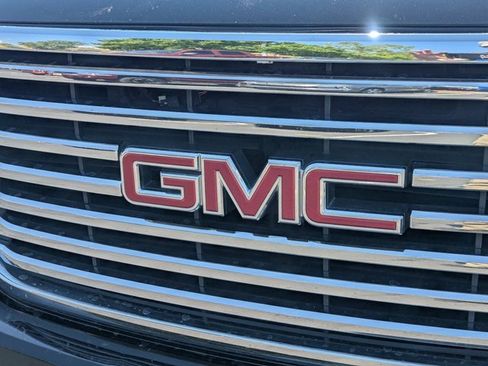 Used 2018 GMC Yukon SLT w/ Premium Edition image 10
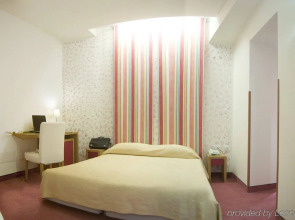 Residenza Domizia- Guest House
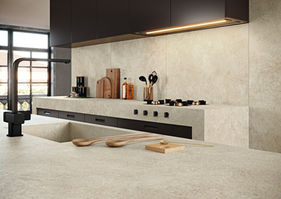 English:
Camargue Arena SG – sintered stone in sandy, elegant tones inspired by natural stone, ideal for timeless interiors and refined architectural spaces.
Russian:
Camargue Arena SG — спечённый камень в песочных, элегантных тонах натурального камня, подходит для интерьеров вне времени и утончённой архитектуры.
German:
Camargue Arena SG – gesinterter Stein in sandigen, eleganten Natursteintönen, ideal für zeitlose Innenräume und anspruchsvolle Architekturprojekte.
Spanish:
Camargue Arena SG – piedra sinterizada en tonos arenosos y elegantes de piedra natural, ideal para interiores atemporales y espacios arquitectónicos refinados.
French:
Camargue Arena SG – pierre frittée aux tons sablés et élégants de pierre naturelle, parfaite pour des intérieurs intemporels et des projets architecturaux raffinés.
Italian:
Camargue Arena SG – pietra sinterizzata in tonalità sabbiose ed eleganti della pietra naturale, ideale per interni senza tempo e spazi architettonici ricercati.
Arabic:
Camargue Arena SG – حجر مكبوس بدرجات رملية أنيقة مستوحاة من الحجر الطبيعي، مثالي للتصميمات الداخلية الكلاسيكية والمساحات المعمارية الراقية.
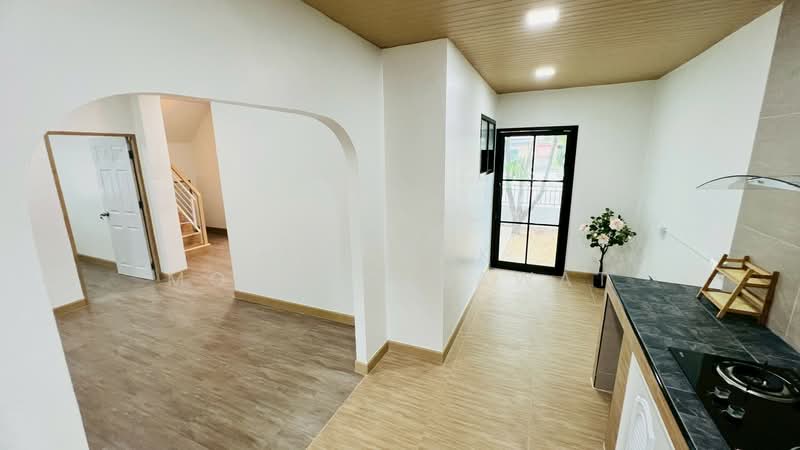 Noantawee Ville 5, Bangkok, Mit Maitri Road, Nong Chok, Bangkok, 4 Bedrooms, 175 sqm, Single Detached House For Sale, by Somsak Mongkolsawat, 500318254 - DDproperty.com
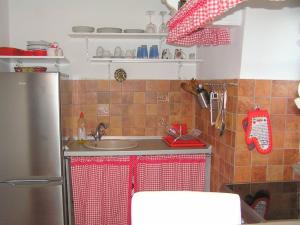 kuchnia ze zlewem oraz czerwono-białe ręczniki w obiekcie Apartments Camellia & Magnolia w mieście Volosko +29 zdjęć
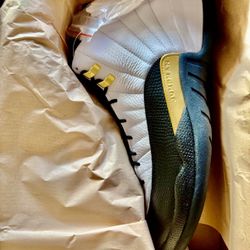 Air Jordan 12 Royalty Taxi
-=-=-=-=-
EXERCISE AIM. All of the entries above must be reproduced exactly, and no image may be included.

SOLUTION FOR THIS PROBLEM.
 Used 2018 GMC Yukon SLT w/ Premium Edition image 10
 Residenza Domizia- Guest House
 English:
Camargue Arena SG – sintered stone in sandy, elegant tones inspired by natural stone, ideal for timeless interiors and refined architectural spaces.
Russian:
Camargue Arena SG — спечённый камень в песочных, элегантных тонах натурального камня, подходит для интерьеров вне времени и утончённой архитектуры.
German:
Camargue Arena SG – gesinterter Stein in sandigen, eleganten Natursteintönen, ideal für zeitlose Innenräume und anspruchsvolle Architekturprojekte.
Spanish:
Camargue Arena SG – piedra sinterizada en tonos arenosos y elegantes de piedra natural, ideal para interiores atemporales y espacios arquitectónicos refinados.
French:
Camargue Arena SG – pierre frittée aux tons sablés et élégants de pierre naturelle, parfaite pour des intérieurs intemporels et des projets architecturaux raffinés.
Italian:
Camargue Arena SG – pietra sinterizzata in tonalità sabbiose ed eleganti della pietra naturale, ideale per interni senza tempo e spazi architettonici ricercati.
Arabic:
Camargue Arena SG – حجر مكبوس بدرجات رملية أنيقة مستوحاة من الحجر الطبيعي، مثالي للتصميمات الداخلية الكلاسيكية والمساحات المعمارية الراقية.
 Noantawee Ville 5, Bangkok, Mit Maitri Road, Nong Chok, Bangkok, 4 Bedrooms, 175 sqm, Single Detached House For Sale, by Somsak Mongkolsawat, 500318254 - DDproperty.com
 kuchnia ze zlewem oraz czerwono-białe ręczniki w obiekcie Apartments Camellia & Magnolia w mieście Volosko +29 zdjęć
 Air Jordan 12 Royalty Taxi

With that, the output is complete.